Momentum Contrast (MoCo)

self-supervised

contrastive-learning

vision

Understanding Momentum Contrastive Learning for Unsupervised Visual Representation Learning

Author

Jeet Parab

Published

July 12, 2025

Introduction

MoCo (Momentum Contrast) is a self-supervised learning framework introduced by Facebook AI Research in 2019. It addresses the fundamental challenge of learning visual representations without labeled data by treating contrastive learning as a dictionary look-up problem.

The key insight behind MoCo is that contrastive learning can be viewed as training an encoder to perform a dictionary look-up task, where we want to match a query representation with its corresponding key.

Note

Read the original paper: He, Kaiming, et al.
Momentum Contrast for Unsupervised Visual Representation Learning (MoCo) (2019)
arXiv:1911.05722

Core Concepts of MoCo

1. Dictionary Look-up Perspective

MoCo (Momentum Contrast) reframes contrastive learning as a dictionary look-up task:

Query (q): An encoded representation of an augmented image.
Positive Key (k⁺): The encoded representation of a different augmentation of the same image as the query.
Negative Keys (k⁻): Encoded representations of different images.
Dictionary: A dynamic set of keys (representations) used to compare against the query. The goal is to bring the query closer to its positive key while pushing it away from negative keys.

2. Queue Mechanism

MoCo introduces a queue-based dictionary to efficiently manage a large set of negative samples:

A FIFO queue stores encoded representations (keys) from previous mini-batches.
As new keys are added to the queue, the oldest keys are removed.
This design ensures:
- A large and consistent dictionary size independent of the mini-batch size.
- Better utilization of past samples, improving contrastive learning.

3. Momentum Update

Instead of training both encoders via backpropagation, MoCo stabilizes learning with a momentum update for the key encoder:

Query Encoder (f_q): Updated normally using gradient descent.
Key Encoder (f_k): Updated as an exponential moving average of the query encoder:

\[ \theta_k \leftarrow m \cdot \theta_k + (1 - m) \cdot \theta_q \]
Momentum Coefficient (m): Typically set to 0.999, ensuring slow, stable updates.

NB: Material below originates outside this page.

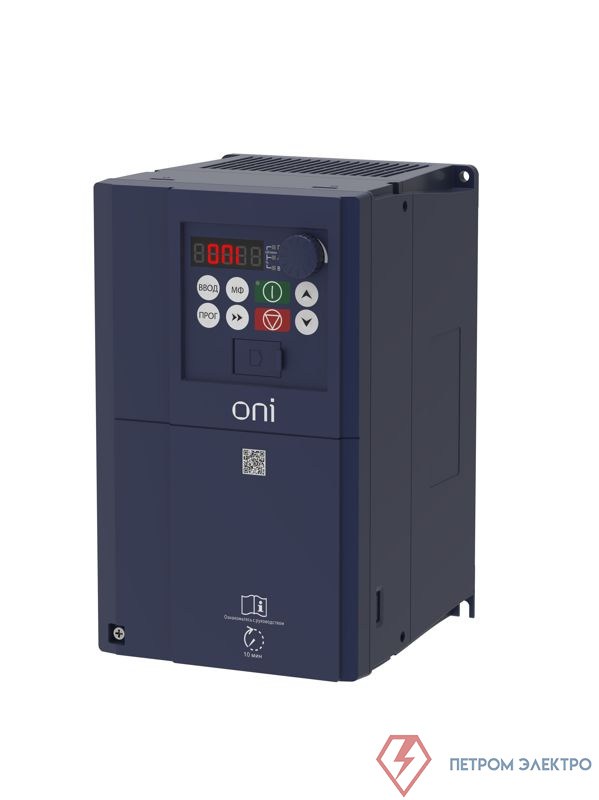 Преобразователь частоты FC-431 380В 5.5-7.5кВт 13-17А встроен. тормозной модуль ONI FC-431-33-055G075PT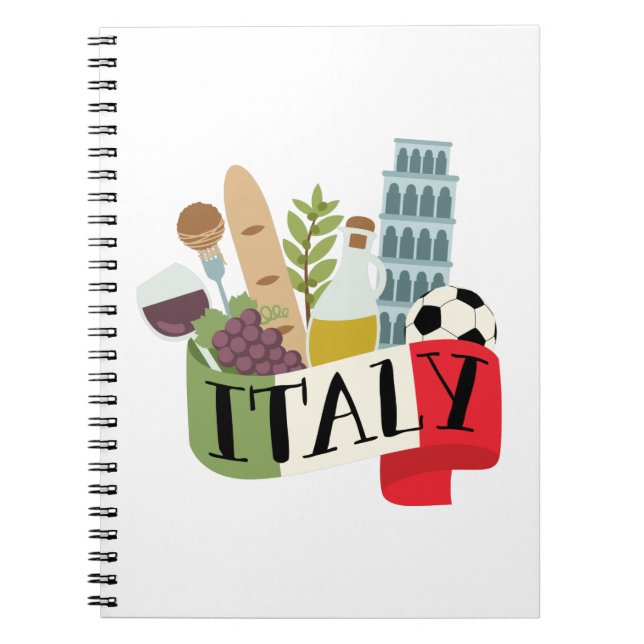 Italy Notebook (Front)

This strategy helps maintain consistent representations for keys, reducing noise in the contrastive learning process.

MoCo Architecture and Algorithm

Architecture Components

Query Encoder (f_q): A CNN (typically ResNet) that encodes query images.
Key Encoder (f_k): A CNN with identical architecture to f_q, updated via momentum.
Queue: A memory bank storing encoded keys from previous batches.
Projection Head: An MLP that projects features into a lower-dimensional embedding space.

Training Process

Sample a mini-batch of N images.
Apply data augmentation to each image to create query and key views.
Encode queries using f_q and keys using f_k.
Compute the contrastive loss between each query and all keys in the queue.
Update the query encoder (f_q) via gradient descent.
Update the key encoder (f_k) via momentum update:

\[ \theta_k \leftarrow m \cdot \theta_k + (1 - m) \cdot \theta_q \]
Update the queue by enqueuing the new keys and dequeuing the oldest keys.

InfoNCE Loss

MoCo uses the InfoNCE (Noise Contrastive Estimation) loss:

\[ \mathcal{L}_q = -\log \left( \frac{\exp(q \cdot k^+ / \tau)}{\sum_i \exp(q \cdot k_i / \tau)} \right) \]

Where:

\(q\): Query representation
\(k^+\): Positive key representation
\(k_i\): All keys in the dictionary (including positive and negatives)
\(\tau\): Temperature parameter
\(\cdot\): Dot product (cosine similarity after L2 normalization)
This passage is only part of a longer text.